Les avocats sont bombardés d’affirmations selon lesquelles l’intelligence artificielle (« IA ») va : 1) éliminer le besoin d’avoir recours à de nombreux avocats ou 2) tellement faciliter la vie des avocats que leur charge de travail en sera radicalement réduite. On sent là des relents des premières campagnes publicitaires sur les téléphones intelligents : plus besoin d’aller au bureau; réalisez tout votre travail à partir du vert de golf ou du chalet, etc.

La Dre Paola Cecchi-Dimeglio, spécialiste du comportement, chargée de recherche principale à la faculté de droit de Harvard et présidente de son initiative de recherche en leadership exécutif pour les avocates et les avocats issus de minorités au Center for the Legal Profession, affirme qu’« une bonne partie de ce qui forme l’IA demeure plutôt mal compris » et que cette mauvaise compréhension est problématique en ce qu’elle pourrait limiter les avantages que l’IA a à offrir[1].

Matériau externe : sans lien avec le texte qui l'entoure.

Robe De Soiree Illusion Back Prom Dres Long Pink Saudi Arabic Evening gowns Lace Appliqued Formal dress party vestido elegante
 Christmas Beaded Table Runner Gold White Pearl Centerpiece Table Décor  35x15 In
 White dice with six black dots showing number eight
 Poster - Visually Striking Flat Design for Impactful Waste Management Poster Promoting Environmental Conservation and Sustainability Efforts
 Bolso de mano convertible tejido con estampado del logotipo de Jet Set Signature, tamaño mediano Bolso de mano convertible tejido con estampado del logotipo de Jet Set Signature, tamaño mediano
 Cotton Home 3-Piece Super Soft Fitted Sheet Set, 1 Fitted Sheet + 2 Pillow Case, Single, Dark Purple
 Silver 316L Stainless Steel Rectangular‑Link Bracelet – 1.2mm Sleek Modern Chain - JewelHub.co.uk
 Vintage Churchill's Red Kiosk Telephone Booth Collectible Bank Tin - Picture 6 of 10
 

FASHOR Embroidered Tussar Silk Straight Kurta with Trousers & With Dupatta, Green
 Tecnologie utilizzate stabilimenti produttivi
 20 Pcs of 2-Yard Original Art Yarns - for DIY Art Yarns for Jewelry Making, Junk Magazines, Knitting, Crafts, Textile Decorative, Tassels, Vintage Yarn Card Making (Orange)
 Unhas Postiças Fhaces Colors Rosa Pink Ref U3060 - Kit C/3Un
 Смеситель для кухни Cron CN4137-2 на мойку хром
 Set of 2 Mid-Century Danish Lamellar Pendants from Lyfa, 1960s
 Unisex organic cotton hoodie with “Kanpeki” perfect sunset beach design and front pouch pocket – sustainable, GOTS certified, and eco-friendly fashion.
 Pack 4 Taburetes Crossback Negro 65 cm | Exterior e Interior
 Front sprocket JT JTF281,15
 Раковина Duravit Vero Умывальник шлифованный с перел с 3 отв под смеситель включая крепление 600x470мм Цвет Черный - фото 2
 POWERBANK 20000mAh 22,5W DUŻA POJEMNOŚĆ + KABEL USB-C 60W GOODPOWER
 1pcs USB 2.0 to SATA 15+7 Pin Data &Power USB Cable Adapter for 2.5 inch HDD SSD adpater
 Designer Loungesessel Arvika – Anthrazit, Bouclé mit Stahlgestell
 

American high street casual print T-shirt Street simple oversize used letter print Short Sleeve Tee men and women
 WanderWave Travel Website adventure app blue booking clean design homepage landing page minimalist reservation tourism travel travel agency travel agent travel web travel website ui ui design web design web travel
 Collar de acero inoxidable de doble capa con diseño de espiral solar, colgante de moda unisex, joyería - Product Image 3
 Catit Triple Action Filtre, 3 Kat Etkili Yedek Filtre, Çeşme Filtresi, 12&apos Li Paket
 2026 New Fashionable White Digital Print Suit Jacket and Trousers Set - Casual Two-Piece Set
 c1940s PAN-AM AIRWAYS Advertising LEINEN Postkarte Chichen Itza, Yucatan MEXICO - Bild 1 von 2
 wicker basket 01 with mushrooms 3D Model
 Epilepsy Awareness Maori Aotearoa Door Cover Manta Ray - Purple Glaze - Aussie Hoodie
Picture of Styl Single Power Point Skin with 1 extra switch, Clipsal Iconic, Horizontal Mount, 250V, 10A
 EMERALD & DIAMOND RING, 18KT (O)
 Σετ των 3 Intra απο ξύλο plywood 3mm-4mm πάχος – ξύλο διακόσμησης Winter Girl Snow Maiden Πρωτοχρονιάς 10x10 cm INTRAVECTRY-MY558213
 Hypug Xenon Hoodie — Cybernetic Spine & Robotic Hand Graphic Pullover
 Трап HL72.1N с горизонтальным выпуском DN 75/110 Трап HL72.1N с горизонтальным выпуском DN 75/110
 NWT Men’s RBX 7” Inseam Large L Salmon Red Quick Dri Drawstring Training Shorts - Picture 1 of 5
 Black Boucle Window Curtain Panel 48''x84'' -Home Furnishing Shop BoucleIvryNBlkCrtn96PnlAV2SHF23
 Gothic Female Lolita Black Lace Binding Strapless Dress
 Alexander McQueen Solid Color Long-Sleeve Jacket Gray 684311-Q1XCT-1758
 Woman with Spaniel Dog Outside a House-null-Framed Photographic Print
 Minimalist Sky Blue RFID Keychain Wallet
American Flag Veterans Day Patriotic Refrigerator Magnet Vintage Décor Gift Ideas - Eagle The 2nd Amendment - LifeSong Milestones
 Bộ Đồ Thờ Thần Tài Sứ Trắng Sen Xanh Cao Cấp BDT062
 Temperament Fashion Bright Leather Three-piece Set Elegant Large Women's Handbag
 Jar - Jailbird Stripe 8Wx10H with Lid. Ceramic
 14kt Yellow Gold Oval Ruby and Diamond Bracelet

Comme dans le cas des hyperboles qui ont entouré le téléphone intelligent, la réalité de l’IA est loin des théories tout en rose et des théories désastreuses qui sont lancées à travers le marché juridique. Une partie du problème de la compréhension de l’IA a trait à sa définition. Qu’est-ce que l’IA, exactement ?

La plupart des gens, sinon tous, ont entendu parler de l’analytique. L’analytique est essentiellement une façon d’organiser des données de manière à permettre la découverte de tendances dans ces données. Comme consommateurs, nous contribuons au nuage de données que l’analytique traite chaque jour, notamment en donnant une cote à une émission sur Netflix ou en utilisant une carte de points au magasin. Ces données sont analysées pour repérer des tendances comportementales. Ces tendances sont ensuite utilisées pour suggérer des émissions sur Netflix que vous pourriez aimer ou afficher des publicités qui concordent avec vos habitudes de magasinage. Par souci de clarté, une telle utilisation de l’analytique n’est pas « prédictive ». La technologie détermine plutôt ce qui est « probable ».

Alors, est-ce là de l’IA ? Certains répondraient oui, et d’autres non. On appelle maintenant « intelligence artificielle » tout système avancé d’analytique qui fournit de l’information ou des perspectives à partir de données avec une participation humaine minimale. Le problème, c’est que tous les systèmes d’« IA » actuellement disponibles ont besoin d’une interface humaine pour fournir ces perspectives. Des humains règlent les paramètres et enseignent au système ce qui est en haut, en bas, bien ou mal. Ces systèmes sont incapables de répondre à une question à moins qu’on leur ait déjà donné la réponse.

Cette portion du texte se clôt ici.